An eight-hour day has 480 minutes. Could Gareth really have completed a call every 90 seconds? Eight hours solid, no breaks?
His weekly minimum target was 7 “sign-ups”.
(That is people struggling in debt who then allowed them to represent their ‘management’ of the owings and creditors.)
One every day. With two on two. During each week.
When you hit your number, you got a commission; £100.
But for every sign-up beyond the seventh, you got a further commission; £50 a time.
As Gareth explained, they could make serious money from getting “twelve to fourteen” a week.
(Breaking that down, 14 is less than three sign-ups a day.
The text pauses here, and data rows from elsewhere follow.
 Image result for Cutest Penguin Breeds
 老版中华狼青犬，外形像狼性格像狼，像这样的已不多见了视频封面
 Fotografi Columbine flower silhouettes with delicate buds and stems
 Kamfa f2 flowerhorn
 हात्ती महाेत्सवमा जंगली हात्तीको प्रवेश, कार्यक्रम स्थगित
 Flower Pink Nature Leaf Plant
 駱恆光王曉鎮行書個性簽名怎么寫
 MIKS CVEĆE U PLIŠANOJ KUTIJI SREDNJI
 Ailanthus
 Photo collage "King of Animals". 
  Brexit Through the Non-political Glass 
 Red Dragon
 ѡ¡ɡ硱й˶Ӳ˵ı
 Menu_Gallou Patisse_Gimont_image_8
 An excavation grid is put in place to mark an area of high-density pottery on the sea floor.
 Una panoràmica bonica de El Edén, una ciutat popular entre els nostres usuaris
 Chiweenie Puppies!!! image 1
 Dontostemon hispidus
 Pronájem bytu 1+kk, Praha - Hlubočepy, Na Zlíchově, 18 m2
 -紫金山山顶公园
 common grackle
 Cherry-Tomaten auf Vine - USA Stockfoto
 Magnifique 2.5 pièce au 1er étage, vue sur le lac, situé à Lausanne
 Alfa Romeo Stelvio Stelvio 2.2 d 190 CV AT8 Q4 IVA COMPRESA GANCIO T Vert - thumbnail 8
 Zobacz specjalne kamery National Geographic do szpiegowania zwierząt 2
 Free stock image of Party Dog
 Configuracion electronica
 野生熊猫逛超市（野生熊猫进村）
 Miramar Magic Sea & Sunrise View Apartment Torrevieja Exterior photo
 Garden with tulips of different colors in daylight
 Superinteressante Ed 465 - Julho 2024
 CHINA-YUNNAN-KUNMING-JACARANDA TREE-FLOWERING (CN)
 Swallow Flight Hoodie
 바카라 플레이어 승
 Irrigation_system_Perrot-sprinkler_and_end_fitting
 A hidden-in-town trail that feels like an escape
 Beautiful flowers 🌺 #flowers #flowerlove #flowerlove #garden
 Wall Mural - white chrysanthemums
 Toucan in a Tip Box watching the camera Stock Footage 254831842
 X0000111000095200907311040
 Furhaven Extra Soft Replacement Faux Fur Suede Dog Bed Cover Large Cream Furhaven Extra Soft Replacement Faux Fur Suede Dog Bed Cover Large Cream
On average, roughly one every 2 hours 50 mins).
He mentioned he was also paid a basic.
To put earnings in some sort of context, regardless of basic amount, 14 sign-ups alone meant bonus payments of £450. That on its own represents almost the same value as the UK’s national average wage.
On the day of blogging, I surfed jobsites. Standard sales jobs in this industry – and there were an abundance of recruiters – started with around an £18,000 basic. OTEs varied but the range claimed attainable hovered on £35-50k.
Gareth didn’t go into details on his pitch. There was slight reference to the called being asked directly if they were worried about debt, but nothing concrete.
His experience nastily smacks of a typical boiler room operation.
Yet as is so often the case, the dodgy know their game. Sadly way better than the honest.
They are on top of their numbers, ideal customer profile and problem solved.
We acknowledge the product is flawed, and wish the perpetrators nothing but ill. But we should not dismiss their use of process. For the win-win among us need to know what they know too.